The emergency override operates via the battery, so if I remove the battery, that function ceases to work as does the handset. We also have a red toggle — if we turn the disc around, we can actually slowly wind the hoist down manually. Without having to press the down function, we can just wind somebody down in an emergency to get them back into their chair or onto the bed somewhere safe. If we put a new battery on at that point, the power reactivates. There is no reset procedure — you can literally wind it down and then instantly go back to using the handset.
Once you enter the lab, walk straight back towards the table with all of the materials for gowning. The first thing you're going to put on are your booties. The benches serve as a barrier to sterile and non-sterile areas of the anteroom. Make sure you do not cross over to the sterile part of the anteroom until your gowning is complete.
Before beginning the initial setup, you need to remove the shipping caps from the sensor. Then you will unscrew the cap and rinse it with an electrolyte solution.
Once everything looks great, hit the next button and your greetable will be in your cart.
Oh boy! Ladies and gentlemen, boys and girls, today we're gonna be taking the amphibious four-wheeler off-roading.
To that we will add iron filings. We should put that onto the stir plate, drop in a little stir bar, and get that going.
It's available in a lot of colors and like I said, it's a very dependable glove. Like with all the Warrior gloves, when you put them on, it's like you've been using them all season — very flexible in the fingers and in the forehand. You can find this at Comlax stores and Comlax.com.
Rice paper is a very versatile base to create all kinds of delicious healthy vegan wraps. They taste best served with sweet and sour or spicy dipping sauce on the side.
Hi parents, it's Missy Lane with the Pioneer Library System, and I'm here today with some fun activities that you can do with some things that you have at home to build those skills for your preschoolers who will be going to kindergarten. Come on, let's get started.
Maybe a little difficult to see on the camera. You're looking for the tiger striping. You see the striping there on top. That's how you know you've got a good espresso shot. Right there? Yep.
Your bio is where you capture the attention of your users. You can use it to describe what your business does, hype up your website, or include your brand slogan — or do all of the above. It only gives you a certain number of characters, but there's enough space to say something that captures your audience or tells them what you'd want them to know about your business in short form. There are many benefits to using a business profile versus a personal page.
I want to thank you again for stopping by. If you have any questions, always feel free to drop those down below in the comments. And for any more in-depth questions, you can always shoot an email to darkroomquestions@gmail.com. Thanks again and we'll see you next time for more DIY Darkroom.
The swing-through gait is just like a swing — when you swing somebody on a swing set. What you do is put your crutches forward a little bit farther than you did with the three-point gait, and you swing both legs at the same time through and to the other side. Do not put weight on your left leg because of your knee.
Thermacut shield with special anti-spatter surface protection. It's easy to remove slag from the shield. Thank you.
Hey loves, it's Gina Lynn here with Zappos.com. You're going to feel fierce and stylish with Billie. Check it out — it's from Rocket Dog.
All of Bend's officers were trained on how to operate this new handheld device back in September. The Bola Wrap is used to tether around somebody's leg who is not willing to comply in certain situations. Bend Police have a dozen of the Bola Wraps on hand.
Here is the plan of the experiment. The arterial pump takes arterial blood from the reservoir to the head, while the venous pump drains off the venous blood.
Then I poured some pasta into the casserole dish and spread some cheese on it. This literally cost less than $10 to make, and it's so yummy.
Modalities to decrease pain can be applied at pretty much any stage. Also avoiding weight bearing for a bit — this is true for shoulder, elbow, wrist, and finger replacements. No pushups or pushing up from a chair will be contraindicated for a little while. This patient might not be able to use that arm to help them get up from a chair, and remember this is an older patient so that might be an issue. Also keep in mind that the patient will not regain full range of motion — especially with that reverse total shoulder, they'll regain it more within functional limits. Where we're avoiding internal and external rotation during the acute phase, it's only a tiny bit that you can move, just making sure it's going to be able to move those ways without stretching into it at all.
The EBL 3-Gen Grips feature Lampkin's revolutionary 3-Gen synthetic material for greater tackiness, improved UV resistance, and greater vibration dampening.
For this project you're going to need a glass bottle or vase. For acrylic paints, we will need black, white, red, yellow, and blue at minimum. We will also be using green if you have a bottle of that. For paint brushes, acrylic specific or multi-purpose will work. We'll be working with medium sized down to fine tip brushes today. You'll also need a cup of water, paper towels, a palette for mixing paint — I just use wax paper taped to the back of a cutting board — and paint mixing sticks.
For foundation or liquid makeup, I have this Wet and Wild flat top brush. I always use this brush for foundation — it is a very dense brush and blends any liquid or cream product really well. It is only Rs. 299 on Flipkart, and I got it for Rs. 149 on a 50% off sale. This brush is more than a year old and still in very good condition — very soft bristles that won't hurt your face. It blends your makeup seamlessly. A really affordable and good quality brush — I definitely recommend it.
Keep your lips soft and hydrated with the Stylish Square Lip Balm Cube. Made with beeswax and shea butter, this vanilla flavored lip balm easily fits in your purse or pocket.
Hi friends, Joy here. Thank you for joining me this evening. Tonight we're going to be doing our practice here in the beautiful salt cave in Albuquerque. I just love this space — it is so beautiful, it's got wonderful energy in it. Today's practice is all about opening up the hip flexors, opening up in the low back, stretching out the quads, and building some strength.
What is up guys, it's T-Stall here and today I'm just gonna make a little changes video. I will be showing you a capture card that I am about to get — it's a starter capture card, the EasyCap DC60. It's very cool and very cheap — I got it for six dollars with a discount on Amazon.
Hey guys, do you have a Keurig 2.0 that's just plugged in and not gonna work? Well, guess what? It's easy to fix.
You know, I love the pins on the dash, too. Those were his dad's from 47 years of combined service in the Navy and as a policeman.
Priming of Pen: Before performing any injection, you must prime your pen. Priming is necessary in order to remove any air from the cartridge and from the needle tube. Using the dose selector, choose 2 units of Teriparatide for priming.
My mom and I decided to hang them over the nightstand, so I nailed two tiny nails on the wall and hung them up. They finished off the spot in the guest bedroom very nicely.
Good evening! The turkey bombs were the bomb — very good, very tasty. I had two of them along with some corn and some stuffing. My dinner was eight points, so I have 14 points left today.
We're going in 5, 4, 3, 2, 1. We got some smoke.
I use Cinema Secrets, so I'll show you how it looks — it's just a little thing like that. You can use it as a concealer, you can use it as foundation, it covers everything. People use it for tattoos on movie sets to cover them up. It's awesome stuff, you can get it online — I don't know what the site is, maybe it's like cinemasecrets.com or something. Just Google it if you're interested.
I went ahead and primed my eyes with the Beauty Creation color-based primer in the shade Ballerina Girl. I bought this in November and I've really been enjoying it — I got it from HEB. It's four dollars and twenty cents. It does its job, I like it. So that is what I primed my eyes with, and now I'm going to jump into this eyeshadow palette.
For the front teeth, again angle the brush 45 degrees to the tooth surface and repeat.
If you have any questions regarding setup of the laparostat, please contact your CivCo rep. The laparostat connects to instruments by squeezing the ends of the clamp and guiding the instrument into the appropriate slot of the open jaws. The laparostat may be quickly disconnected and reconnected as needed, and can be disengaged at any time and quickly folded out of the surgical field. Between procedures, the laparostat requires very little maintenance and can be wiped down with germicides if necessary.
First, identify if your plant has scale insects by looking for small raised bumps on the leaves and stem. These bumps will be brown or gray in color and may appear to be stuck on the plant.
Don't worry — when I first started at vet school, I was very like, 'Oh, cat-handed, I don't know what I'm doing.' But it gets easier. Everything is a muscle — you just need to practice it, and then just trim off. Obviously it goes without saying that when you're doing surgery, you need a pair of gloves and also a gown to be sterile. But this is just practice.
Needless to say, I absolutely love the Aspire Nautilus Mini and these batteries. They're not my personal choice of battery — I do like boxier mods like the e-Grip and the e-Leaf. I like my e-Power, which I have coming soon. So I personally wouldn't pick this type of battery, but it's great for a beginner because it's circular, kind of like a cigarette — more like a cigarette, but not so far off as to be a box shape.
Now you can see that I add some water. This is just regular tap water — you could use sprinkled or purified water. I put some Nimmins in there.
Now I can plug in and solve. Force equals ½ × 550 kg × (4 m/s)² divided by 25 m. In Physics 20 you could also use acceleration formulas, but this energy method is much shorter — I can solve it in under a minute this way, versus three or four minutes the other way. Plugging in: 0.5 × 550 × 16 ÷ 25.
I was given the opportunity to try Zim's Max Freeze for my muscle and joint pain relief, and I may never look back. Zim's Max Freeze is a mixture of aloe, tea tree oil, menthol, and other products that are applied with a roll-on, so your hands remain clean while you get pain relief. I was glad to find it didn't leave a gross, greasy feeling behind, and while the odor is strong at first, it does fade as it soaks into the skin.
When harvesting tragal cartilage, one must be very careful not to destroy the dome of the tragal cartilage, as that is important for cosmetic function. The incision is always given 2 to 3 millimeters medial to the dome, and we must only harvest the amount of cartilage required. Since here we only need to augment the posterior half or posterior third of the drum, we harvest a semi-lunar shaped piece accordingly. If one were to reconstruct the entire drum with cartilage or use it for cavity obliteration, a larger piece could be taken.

++++++++++++++++++++

All lines that include the word "surface" must be copied from the material above.

■ **Answer space**:
Thermacut shield with special anti-spatter surface protection. It's easy to remove slag from the shield. Thank you.
For the front teeth, again angle the brush 45 degrees to the tooth surface and repeat.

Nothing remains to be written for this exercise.